**Data provided:**
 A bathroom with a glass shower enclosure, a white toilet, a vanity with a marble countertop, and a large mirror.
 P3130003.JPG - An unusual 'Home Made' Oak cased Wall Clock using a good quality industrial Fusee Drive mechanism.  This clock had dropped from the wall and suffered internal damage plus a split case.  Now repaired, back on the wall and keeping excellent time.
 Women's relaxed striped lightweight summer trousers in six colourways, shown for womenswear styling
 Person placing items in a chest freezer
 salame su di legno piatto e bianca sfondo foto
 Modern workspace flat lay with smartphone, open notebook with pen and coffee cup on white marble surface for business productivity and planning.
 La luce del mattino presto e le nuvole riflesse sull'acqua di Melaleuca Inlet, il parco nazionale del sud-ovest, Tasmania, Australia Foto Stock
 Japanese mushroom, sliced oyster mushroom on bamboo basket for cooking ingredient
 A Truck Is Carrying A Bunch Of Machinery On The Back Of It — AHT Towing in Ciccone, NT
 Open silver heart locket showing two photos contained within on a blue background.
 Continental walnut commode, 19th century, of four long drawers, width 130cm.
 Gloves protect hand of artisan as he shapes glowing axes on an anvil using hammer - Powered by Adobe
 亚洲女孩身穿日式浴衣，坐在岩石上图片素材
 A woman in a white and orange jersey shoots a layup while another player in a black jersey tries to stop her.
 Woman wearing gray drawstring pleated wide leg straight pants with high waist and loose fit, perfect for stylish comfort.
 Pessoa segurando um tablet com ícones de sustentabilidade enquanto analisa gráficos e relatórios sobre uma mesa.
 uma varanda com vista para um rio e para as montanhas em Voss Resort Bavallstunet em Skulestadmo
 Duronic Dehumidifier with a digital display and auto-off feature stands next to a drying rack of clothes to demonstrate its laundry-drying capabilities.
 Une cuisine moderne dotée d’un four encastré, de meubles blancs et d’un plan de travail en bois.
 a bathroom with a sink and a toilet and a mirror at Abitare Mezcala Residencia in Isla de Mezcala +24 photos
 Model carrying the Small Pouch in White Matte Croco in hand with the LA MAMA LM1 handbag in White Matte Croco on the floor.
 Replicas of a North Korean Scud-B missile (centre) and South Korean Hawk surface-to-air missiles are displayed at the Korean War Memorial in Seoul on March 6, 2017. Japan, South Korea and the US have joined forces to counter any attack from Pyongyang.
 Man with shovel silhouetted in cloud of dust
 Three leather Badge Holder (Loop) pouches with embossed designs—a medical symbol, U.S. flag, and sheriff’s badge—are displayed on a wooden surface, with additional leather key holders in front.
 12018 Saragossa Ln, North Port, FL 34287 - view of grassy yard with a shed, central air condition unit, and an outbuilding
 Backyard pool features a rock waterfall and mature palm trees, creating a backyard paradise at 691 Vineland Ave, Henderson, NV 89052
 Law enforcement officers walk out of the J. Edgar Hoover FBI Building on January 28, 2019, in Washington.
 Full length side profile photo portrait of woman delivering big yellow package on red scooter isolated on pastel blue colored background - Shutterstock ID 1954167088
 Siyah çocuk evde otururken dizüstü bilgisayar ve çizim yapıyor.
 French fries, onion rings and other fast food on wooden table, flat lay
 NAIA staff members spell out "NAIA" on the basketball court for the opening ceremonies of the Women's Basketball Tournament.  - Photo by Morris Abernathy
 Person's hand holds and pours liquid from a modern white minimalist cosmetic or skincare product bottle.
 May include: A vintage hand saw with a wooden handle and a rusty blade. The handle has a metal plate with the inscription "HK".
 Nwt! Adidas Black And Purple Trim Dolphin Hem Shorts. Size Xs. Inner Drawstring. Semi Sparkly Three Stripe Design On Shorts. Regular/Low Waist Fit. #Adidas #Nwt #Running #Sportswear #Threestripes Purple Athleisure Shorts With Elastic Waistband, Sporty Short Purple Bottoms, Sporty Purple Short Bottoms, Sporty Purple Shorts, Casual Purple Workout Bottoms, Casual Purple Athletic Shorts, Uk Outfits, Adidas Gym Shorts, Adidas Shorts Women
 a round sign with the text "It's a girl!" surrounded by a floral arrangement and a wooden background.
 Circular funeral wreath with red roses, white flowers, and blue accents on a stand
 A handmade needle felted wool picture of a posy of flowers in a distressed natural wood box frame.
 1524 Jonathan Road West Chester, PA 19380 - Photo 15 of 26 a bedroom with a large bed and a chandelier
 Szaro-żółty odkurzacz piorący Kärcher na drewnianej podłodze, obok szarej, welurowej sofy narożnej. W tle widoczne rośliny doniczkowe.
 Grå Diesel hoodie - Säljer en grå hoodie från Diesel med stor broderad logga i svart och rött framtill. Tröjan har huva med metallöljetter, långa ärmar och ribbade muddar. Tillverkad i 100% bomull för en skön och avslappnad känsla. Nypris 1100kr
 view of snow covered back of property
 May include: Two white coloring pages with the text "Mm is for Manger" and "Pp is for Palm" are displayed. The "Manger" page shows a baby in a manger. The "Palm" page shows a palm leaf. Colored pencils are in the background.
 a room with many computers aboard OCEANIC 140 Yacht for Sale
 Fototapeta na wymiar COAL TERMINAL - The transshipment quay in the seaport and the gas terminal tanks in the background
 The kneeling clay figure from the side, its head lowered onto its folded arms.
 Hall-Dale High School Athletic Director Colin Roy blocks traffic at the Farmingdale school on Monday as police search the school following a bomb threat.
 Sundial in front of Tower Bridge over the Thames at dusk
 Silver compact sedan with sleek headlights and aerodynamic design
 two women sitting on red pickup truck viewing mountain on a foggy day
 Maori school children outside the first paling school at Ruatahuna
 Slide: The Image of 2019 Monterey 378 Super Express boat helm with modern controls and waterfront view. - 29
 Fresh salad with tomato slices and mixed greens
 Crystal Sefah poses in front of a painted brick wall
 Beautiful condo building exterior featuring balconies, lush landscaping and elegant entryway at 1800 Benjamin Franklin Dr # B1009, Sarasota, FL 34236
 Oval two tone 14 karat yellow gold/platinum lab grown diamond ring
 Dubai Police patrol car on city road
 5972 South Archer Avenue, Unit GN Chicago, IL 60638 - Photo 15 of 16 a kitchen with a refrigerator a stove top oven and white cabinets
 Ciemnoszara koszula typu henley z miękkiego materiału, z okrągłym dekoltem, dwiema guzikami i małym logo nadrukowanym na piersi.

**Work instructions:**
Return each line from the data where the string "Athletic" can be found.

**Answer:**
 Nwt! Adidas Black And Purple Trim Dolphin Hem Shorts. Size Xs. Inner Drawstring. Semi Sparkly Three Stripe Design On Shorts. Regular/Low Waist Fit. #Adidas #Nwt #Running #Sportswear #Threestripes Purple Athleisure Shorts With Elastic Waistband, Sporty Short Purple Bottoms, Sporty Purple Short Bottoms, Sporty Purple Shorts, Casual Purple Workout Bottoms, Casual Purple Athletic Shorts, Uk Outfits, Adidas Gym Shorts, Adidas Shorts Women
 Hall-Dale High School Athletic Director Colin Roy blocks traffic at the Farmingdale school on Monday as police search the school following a bomb threat.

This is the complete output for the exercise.